The statue was dedicated to the city in 1940.
Per TheHour, Rilling said the city was in discussions to relocate the statue when the Columbus Memorial Fund, a group that dedicated the statue to the city in 1940 and continues to maintain it to this day, “expressed concerns about the possibility of vandalism or outright destruction.”
“They asked the city to assist with moving the statue and we agreed,” Rilling said. “We felt this was the best outcome.”
The city did not say if the statue would be removed permanently or relocated.
“That’s a decision that rests with the Columbus Memorial Fund, who owns the statue,” said Josh Morgan, the city’s communications manager.
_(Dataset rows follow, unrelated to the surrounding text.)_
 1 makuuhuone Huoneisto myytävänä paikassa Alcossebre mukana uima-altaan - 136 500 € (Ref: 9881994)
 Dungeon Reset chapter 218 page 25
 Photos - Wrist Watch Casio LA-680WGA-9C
Patch.com reports the Christopher Columbus statue that has stood in front of Norwalk’s Heritage Wall on West Avenue for years will be removed in the near future, according to Mayor Harry Rilling.
When the statue, which was dedicated to the city in 1940, will be removed has not been announced, but it was set to be the focus this weekend of a protest for its removal, writes the Norwalk Hour.
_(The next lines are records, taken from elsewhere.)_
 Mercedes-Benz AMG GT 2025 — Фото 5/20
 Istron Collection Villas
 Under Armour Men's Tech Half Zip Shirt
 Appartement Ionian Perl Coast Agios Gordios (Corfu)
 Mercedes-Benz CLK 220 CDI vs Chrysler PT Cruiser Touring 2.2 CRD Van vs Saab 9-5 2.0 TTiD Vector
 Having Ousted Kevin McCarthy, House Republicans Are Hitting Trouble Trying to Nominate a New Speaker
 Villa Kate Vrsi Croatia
In recent weeks, Christopher Columbus statues around the country have been defaced, toppled or otherwise removed due to protests over the famous explorer’s role in discovering the Americas, at the expense of the hemisphere’s indigenous people.
Rilling said that the decision to take down the statue came following discussions with the Columbus Memorial Fund, which harbored concerns over its future.
“While discussions were ongoing about the future and location of the statue, the Columbus Memorial Fund, who maintains the statue, reached out to me and expressed concerns about the possibility of vandalism or outright destruction,” Rilling said in a statement to Patch. “They asked the city to assist with moving the statue and we agreed. We felt this was the best outcome.”
Earlier this month, Connecticut Youth Activists started a petition on Change.org to have the statue removed; as of Thursday more than 285 people had signed the petition toward a goal of 500 signatures. The group planned to deliver the petition to the mayor and Common Council upon completion.
“What this statue represents to our community as well as many other colonial monuments is violence, racism, marginalization, and the continued denial of the genocide of indigenous people,” the petition states.